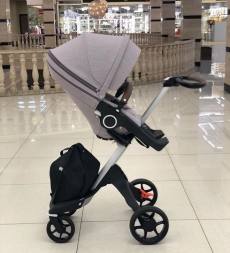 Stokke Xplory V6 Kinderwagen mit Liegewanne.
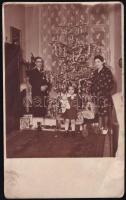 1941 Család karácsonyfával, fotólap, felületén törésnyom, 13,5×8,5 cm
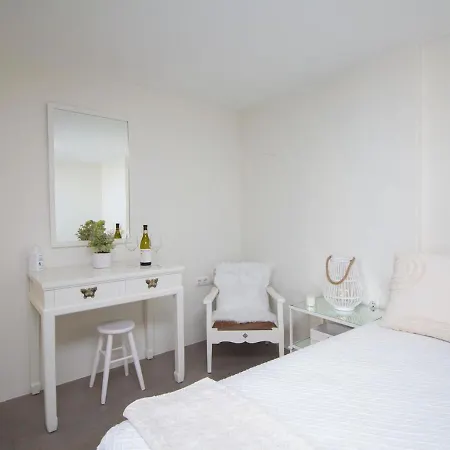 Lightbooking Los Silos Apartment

— Directions —
Your response must reproduce every line of the data exactly, with images omitted.

— Exercise response —
 Stokke Xplory V6 Kinderwagen mit Liegewanne.
 1941 Család karácsonyfával, fotólap, felületén törésnyom, 13,5×8,5 cm
 Lightbooking Los Silos Apartment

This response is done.